Padres and Mariners Announce “Vedder Cup” for a Cause

When MLB instituted permanent Interleague Play back in 1997, teams from the National and American Leagues were paired with cross-conference “rivals” that they’d face off against year in and year out. 

Some of these rivalries were natural blood feuds that dated back a full century. Others — like the San Diego Padres and Seattle Mariners — were more marriages of convenience. The two were in opposite leagues, they’re both on the West Coast which helped with travel and scheduling, and they’ve long shared a Spring Training facility in Arizona. But the underlying hatred between the two franchises — and the organic engagement that follows — didn’t exist.

Enter: The Vedder Cup

Pearl Jam frontman and Rock and Roll Hall of Famer Eddie Vedder is obviously a music icon, but he’s also widely recognized in the baseball community as a diehard.

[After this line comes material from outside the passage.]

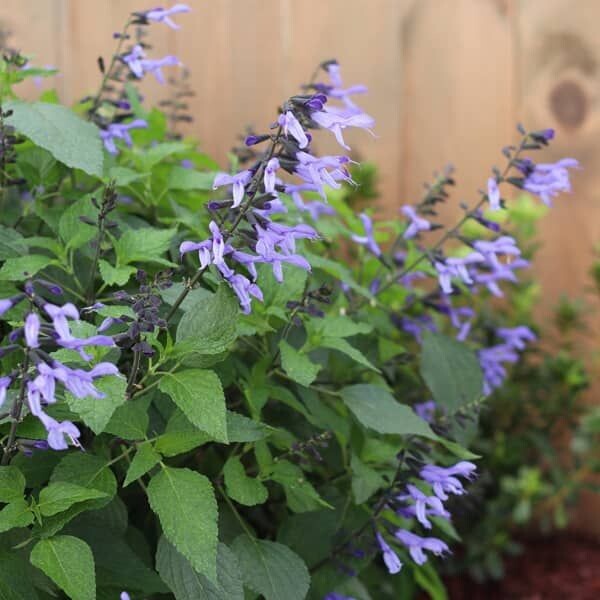 Salvia hybrid 'Rockin True Blue'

San Diegoans claim Vedder as their own because he was born and raised in America’s Finest City. Seattle has their own claim given Vedder and Pearl Jam helped take grunge mainstream as a part of the musical movement that originated in the Pacific Northwest.

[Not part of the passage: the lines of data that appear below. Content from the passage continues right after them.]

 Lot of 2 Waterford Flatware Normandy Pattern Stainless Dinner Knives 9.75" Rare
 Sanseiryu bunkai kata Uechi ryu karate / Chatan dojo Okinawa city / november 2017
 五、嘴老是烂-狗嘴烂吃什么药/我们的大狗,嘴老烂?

Now, their claim to Vedder will be settled annually with “The Vedder Cup.” The winner of the season series will take home a yet-unveiled trophy designed by Vedder himself. (In the result of a split, the total run differential in the series will be used as the first tiebreaker followed by maximum exit velocity on a hit.)

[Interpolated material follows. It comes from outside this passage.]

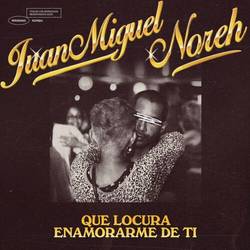 Portada de Que Locura Enamorarme De Ti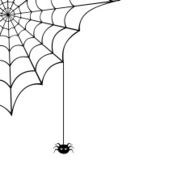 Spider web and spider Vector illustration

For the final game of the series, the Padres will offer a special ticket event to Petco Park. Both teams will have initiatives throughout the series benefitting the Epidermolysis Bullosa (EB) Research Partnership, a charity co-founded by Eddie and Jill Vedder dedicated to funding research to discover treatments and cures for EB.

“We are thrilled that we were able to bring the Vedder Cup concept to life in such a fun and impactful way,” said Mariners executive Trevor Gooby in a press release. “Creating and sharing memorable events like this with Mariners fans is extremely gratifying, and I am very thankful for Eddie, his team, EB Research Partnership, and the Padres in sharing the Mariners’ vision and commitment to celebrating and serving the Seattle community.”

Both clubs are working on collaborative merchandise to celebrate the rivalry, and they’re already producing tons of engaging short-form content to promote and celebrate the event, including a collaborative post published to Instagram pages owned by both teams, Major League Baseball, Pearl Jam and Vedder himself.

They haven’t even unveiled the Vedder-designed trophy yet and the parties involved have already generated more than half a million views on short-form videos and tens of thousands of engagements across a litany of social platforms.

That’s how you bake a championship-caliber content strategy into a special piece of metal.